PROBLEM TO WORK ON
Since the records include pictures, leave those out while you reproduce exactly and only the lines from the one containing "Coach Fuchsia Pink" through the one containing "2018 Winnebago Outlook 22C Photo 15", inclusive.

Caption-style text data
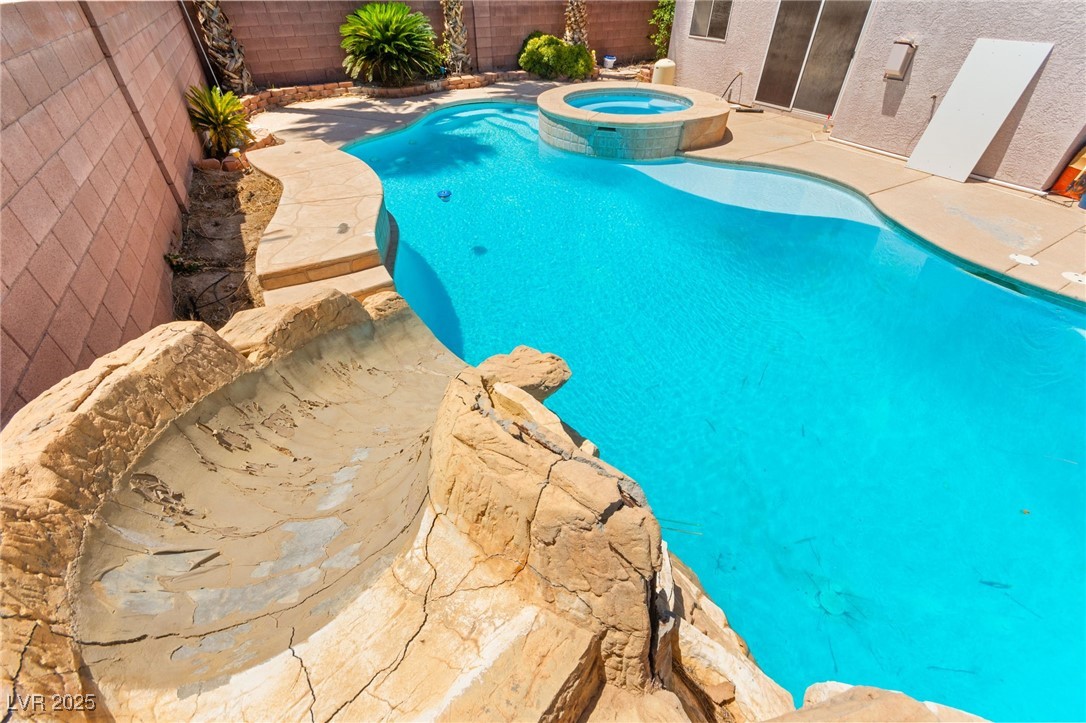 7536 Gossamer Wind Street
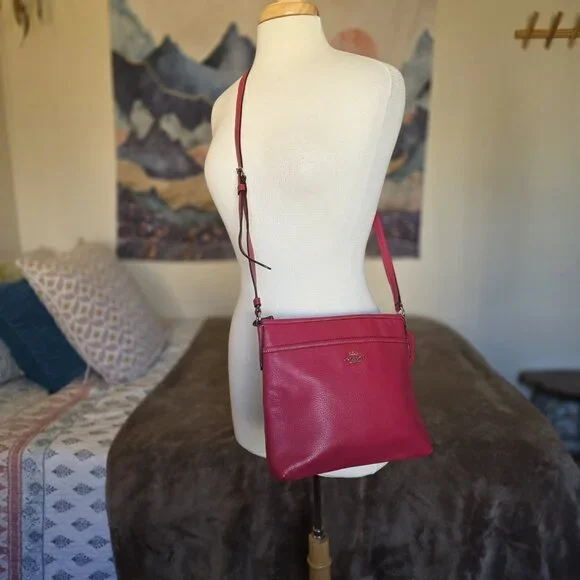 Coach Fuchsia Pink Pebbled Leather Crossbody Bag – Gold Hardware - Picture 3 of 16
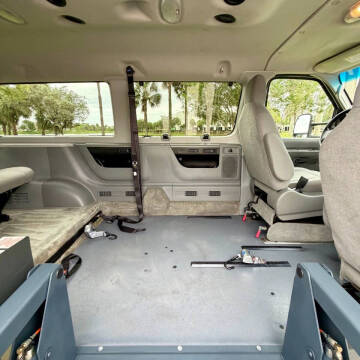 2011 Ford E-350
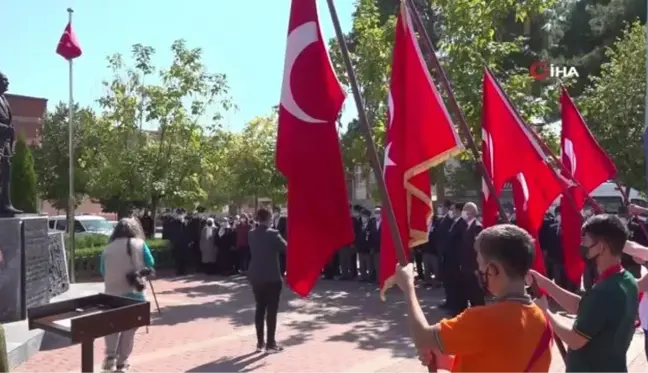 Gazi eşi, törene vefat eden eşinin kıyafetleriyle katıldı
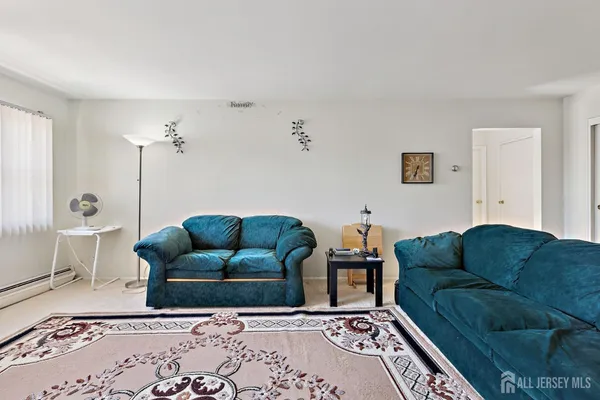 $284,900 | 24 Woodedge Avenue, Unit A8, Edison, NJ 08817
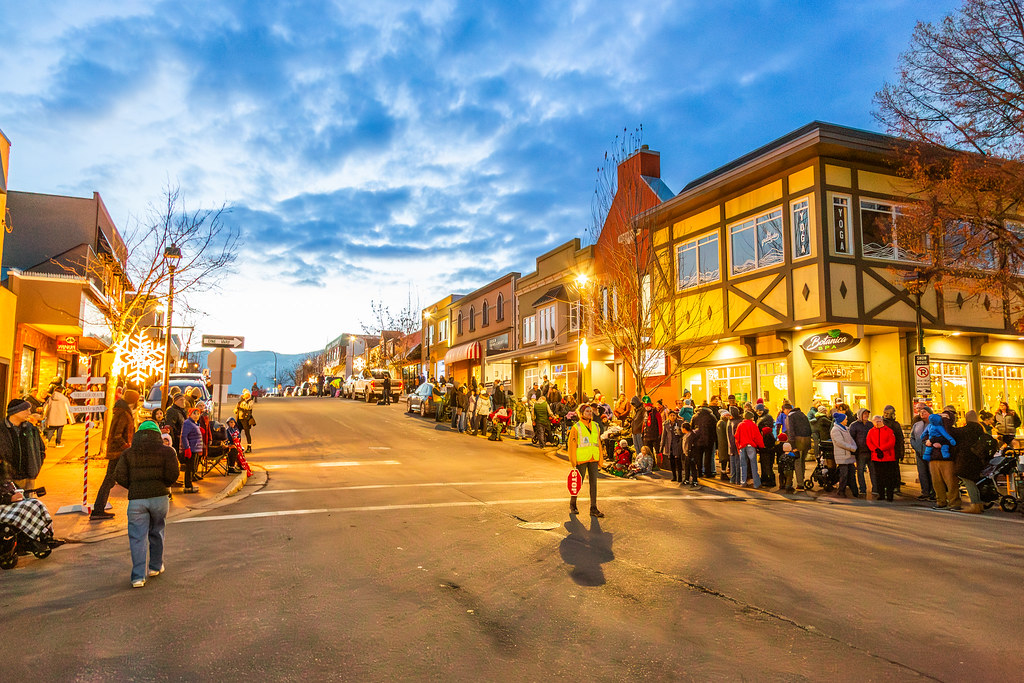 Holiday parade support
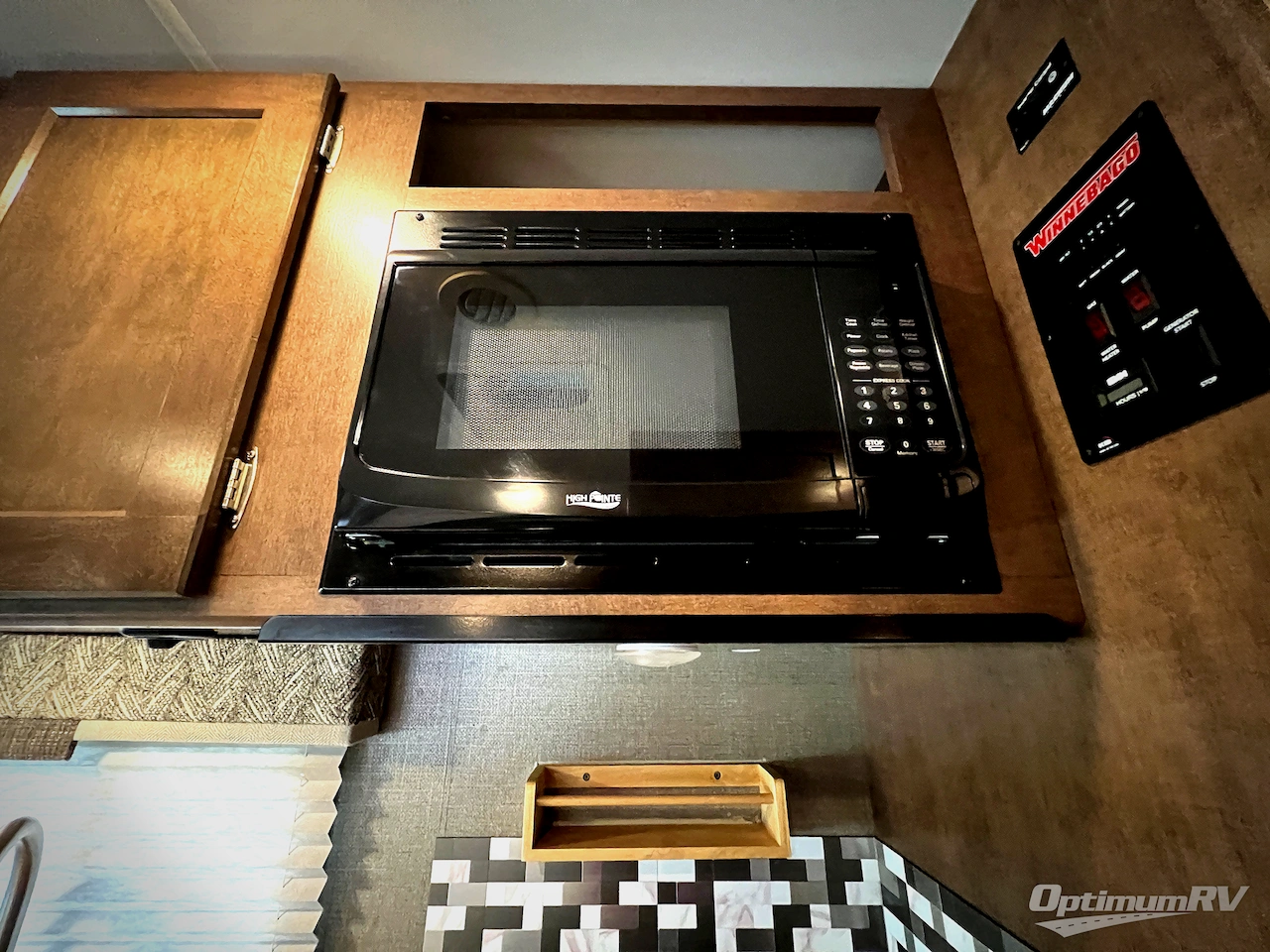 2018 Winnebago Outlook 22C Photo 15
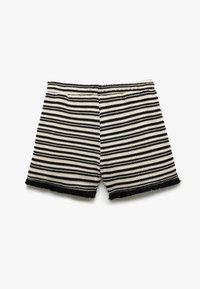 Pantalones cortos con un patrón de rayas horizontales en blanco y negro alternas, con un dobladillo deshilachado y una cintura elástica para mayor comodidad.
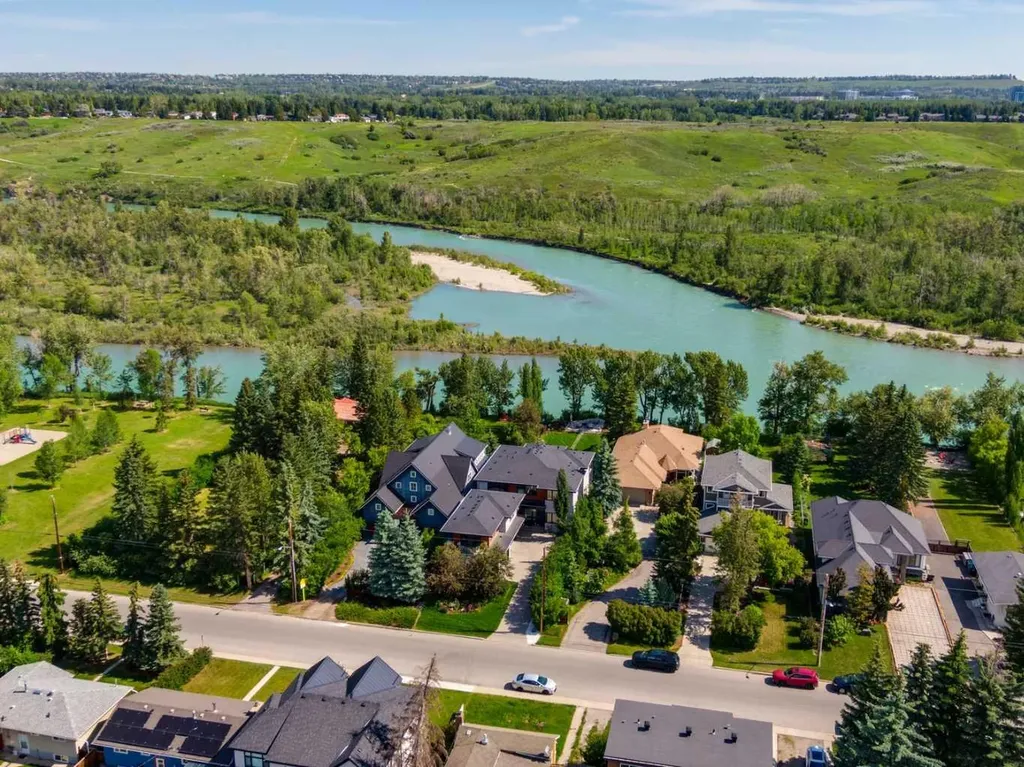 6626 Bow Crescent NW Calgary AB T3B 2B9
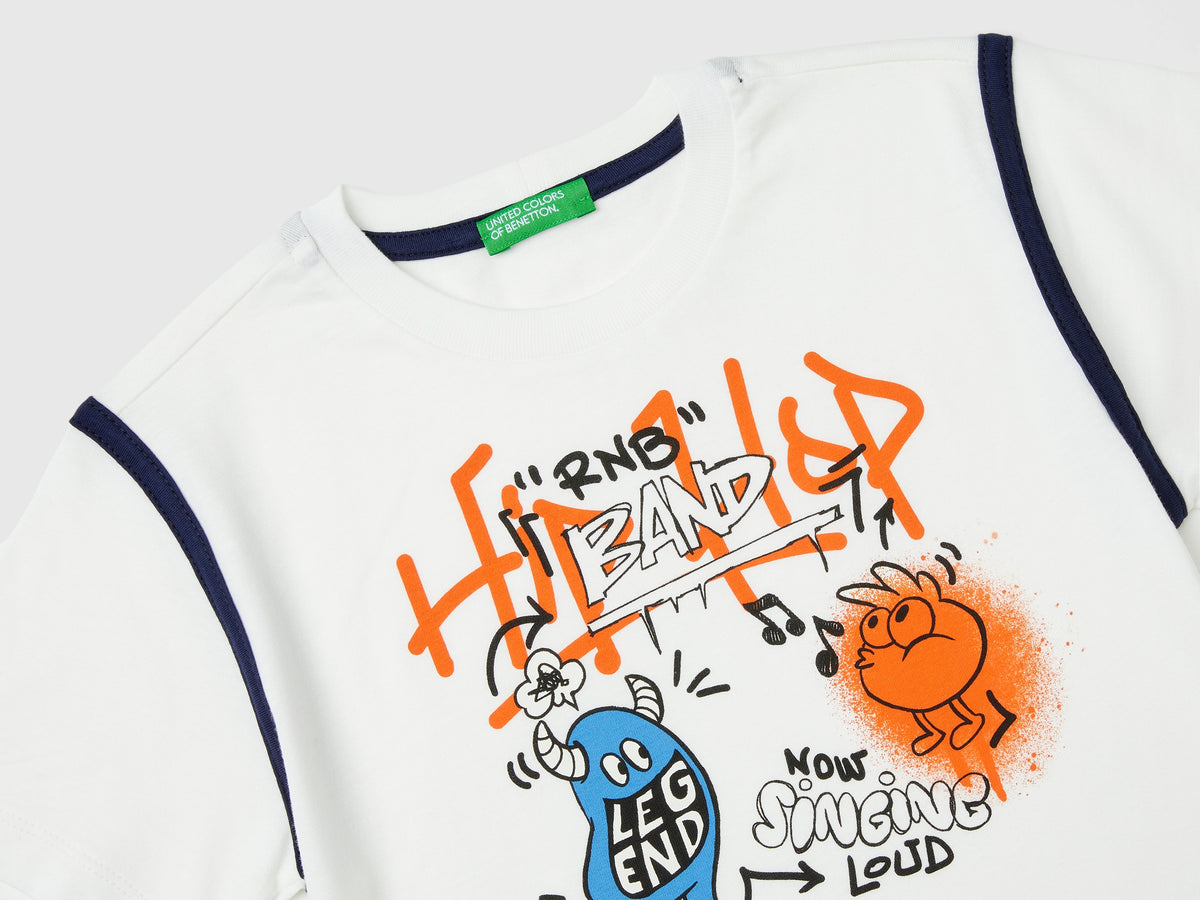 T-shirt con stampa graffiti in cotone bio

TASK ANSWER
 Coach Fuchsia Pink Pebbled Leather Crossbody Bag – Gold Hardware - Picture 3 of 16
 2011 Ford E-350
 Gazi eşi, törene vefat eden eşinin kıyafetleriyle katıldı
 $284,900 | 24 Woodedge Avenue, Unit A8, Edison, NJ 08817
 Holiday parade support
 2018 Winnebago Outlook 22C Photo 15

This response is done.